[Prompt] Go through the data from its first line and retype each line, stopping once the line containing "Lorne Linen Relaxed Fit Shirt" has been retyped.

═══ Material shown ═══

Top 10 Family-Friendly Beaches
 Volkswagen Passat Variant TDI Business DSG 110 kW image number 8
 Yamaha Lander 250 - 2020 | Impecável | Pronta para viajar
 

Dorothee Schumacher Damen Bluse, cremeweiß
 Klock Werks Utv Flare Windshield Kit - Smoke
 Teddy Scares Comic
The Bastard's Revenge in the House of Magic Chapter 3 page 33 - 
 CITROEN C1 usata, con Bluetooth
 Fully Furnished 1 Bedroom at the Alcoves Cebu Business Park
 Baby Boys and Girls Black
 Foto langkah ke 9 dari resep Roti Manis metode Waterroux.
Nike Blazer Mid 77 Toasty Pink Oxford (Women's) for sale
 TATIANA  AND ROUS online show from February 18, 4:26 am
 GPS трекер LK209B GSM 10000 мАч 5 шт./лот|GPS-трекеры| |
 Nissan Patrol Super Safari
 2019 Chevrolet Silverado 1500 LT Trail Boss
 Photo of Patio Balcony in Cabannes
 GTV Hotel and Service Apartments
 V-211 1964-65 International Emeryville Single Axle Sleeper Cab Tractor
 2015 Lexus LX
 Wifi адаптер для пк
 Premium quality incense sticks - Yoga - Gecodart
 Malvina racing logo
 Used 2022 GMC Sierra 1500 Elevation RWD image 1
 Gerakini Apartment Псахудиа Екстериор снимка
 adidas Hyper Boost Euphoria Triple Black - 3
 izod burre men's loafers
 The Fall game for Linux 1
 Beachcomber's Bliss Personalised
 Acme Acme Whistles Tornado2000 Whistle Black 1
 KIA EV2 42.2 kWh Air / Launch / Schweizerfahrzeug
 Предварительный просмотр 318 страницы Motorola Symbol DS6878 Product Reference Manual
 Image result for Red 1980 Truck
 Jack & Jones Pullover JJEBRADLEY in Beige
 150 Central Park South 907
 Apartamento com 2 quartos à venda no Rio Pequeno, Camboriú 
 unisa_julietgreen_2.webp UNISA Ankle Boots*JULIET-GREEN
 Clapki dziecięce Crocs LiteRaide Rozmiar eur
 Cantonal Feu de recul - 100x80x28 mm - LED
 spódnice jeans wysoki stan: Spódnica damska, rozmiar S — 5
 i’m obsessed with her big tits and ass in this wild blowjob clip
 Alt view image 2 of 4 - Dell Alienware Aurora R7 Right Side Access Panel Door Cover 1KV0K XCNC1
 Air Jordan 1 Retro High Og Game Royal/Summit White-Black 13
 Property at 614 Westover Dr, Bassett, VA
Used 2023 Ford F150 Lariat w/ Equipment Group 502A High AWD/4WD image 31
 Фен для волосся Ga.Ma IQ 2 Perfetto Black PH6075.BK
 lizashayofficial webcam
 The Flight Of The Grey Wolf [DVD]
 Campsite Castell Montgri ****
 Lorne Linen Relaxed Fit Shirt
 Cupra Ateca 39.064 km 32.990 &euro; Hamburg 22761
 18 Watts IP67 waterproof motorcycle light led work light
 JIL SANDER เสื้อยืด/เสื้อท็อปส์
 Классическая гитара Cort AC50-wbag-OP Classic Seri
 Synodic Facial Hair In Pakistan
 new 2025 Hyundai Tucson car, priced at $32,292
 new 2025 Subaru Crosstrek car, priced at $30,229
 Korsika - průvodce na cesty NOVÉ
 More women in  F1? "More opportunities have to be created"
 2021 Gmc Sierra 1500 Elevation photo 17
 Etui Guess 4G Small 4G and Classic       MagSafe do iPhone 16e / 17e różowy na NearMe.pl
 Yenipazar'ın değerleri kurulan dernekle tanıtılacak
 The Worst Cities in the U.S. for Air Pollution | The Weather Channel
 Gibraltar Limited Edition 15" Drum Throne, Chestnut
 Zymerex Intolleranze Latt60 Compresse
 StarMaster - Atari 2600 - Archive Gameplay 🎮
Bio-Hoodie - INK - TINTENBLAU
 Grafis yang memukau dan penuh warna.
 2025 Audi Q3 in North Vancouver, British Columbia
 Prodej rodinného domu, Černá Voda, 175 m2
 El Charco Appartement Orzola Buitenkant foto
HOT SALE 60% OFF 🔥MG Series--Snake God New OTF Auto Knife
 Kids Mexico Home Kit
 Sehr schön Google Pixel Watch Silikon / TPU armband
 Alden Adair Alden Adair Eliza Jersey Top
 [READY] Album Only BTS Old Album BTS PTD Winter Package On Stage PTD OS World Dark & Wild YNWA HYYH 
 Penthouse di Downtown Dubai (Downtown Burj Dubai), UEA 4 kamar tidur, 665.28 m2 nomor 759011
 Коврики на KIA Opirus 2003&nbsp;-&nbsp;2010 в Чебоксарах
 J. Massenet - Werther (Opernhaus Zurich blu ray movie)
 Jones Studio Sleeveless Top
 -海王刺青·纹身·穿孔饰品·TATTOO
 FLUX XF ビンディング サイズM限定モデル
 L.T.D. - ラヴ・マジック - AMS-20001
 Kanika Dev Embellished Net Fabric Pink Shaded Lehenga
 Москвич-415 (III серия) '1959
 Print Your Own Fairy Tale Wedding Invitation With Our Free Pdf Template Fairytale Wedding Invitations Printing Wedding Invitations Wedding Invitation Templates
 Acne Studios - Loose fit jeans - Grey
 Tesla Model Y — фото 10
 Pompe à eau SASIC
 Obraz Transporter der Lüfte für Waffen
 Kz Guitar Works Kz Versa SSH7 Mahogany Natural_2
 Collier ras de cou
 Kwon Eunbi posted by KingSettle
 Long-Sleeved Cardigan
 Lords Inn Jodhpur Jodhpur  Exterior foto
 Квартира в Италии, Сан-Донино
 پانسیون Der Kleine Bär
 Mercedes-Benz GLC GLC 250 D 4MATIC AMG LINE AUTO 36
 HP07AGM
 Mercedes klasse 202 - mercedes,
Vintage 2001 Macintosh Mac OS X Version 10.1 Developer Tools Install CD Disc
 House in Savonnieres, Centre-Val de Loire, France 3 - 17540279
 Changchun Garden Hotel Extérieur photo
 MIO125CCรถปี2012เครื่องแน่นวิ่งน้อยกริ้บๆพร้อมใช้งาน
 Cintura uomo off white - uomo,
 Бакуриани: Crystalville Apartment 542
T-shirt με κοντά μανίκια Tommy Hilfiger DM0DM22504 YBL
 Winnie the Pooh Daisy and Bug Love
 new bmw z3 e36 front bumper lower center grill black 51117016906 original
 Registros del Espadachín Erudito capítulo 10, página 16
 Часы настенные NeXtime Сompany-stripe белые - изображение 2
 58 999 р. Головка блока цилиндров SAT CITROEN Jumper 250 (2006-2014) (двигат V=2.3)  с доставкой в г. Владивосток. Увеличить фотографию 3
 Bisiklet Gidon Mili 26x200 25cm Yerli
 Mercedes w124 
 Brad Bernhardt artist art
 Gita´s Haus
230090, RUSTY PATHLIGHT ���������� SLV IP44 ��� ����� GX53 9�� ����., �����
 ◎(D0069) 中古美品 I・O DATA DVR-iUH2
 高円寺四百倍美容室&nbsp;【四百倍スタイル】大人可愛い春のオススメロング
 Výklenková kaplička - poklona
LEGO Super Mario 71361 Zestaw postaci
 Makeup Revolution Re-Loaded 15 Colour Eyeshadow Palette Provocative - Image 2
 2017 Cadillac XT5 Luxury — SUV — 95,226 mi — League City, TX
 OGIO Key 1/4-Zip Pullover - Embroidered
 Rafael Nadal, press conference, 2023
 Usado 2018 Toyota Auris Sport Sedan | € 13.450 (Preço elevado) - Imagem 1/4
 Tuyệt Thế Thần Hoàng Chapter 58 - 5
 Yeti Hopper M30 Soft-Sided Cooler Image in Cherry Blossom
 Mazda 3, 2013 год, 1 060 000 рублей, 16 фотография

═══

[The answer]
Top 10 Family-Friendly Beaches
 Volkswagen Passat Variant TDI Business DSG 110 kW image number 8
 Yamaha Lander 250 - 2020 | Impecável | Pronta para viajar
 

Dorothee Schumacher Damen Bluse, cremeweiß
 Klock Werks Utv Flare Windshield Kit - Smoke
 Teddy Scares Comic
The Bastard's Revenge in the House of Magic Chapter 3 page 33 - 
 CITROEN C1 usata, con Bluetooth
 Fully Furnished 1 Bedroom at the Alcoves Cebu Business Park
 Baby Boys and Girls Black
 Foto langkah ke 9 dari resep Roti Manis metode Waterroux.
Nike Blazer Mid 77 Toasty Pink Oxford (Women's) for sale
 TATIANA  AND ROUS online show from February 18, 4:26 am
 GPS трекер LK209B GSM 10000 мАч 5 шт./лот|GPS-трекеры| |
 Nissan Patrol Super Safari
 2019 Chevrolet Silverado 1500 LT Trail Boss
 Photo of Patio Balcony in Cabannes
 GTV Hotel and Service Apartments
 V-211 1964-65 International Emeryville Single Axle Sleeper Cab Tractor
 2015 Lexus LX
 Wifi адаптер для пк
 Premium quality incense sticks - Yoga - Gecodart
 Malvina racing logo
 Used 2022 GMC Sierra 1500 Elevation RWD image 1
 Gerakini Apartment Псахудиа Екстериор снимка
 adidas Hyper Boost Euphoria Triple Black - 3
 izod burre men's loafers
 The Fall game for Linux 1
 Beachcomber's Bliss Personalised
 Acme Acme Whistles Tornado2000 Whistle Black 1
 KIA EV2 42.2 kWh Air / Launch / Schweizerfahrzeug
 Предварительный просмотр 318 страницы Motorola Symbol DS6878 Product Reference Manual
 Image result for Red 1980 Truck
 Jack & Jones Pullover JJEBRADLEY in Beige
 150 Central Park South 907
 Apartamento com 2 quartos à venda no Rio Pequeno, Camboriú 
 unisa_julietgreen_2.webp UNISA Ankle Boots*JULIET-GREEN
 Clapki dziecięce Crocs LiteRaide Rozmiar eur
 Cantonal Feu de recul - 100x80x28 mm - LED
 spódnice jeans wysoki stan: Spódnica damska, rozmiar S — 5
 i’m obsessed with her big tits and ass in this wild blowjob clip
 Alt view image 2 of 4 - Dell Alienware Aurora R7 Right Side Access Panel Door Cover 1KV0K XCNC1
 Air Jordan 1 Retro High Og Game Royal/Summit White-Black 13
 Property at 614 Westover Dr, Bassett, VA
Used 2023 Ford F150 Lariat w/ Equipment Group 502A High AWD/4WD image 31
 Фен для волосся Ga.Ma IQ 2 Perfetto Black PH6075.BK
 lizashayofficial webcam
 The Flight Of The Grey Wolf [DVD]
 Campsite Castell Montgri ****
 Lorne Linen Relaxed Fit Shirt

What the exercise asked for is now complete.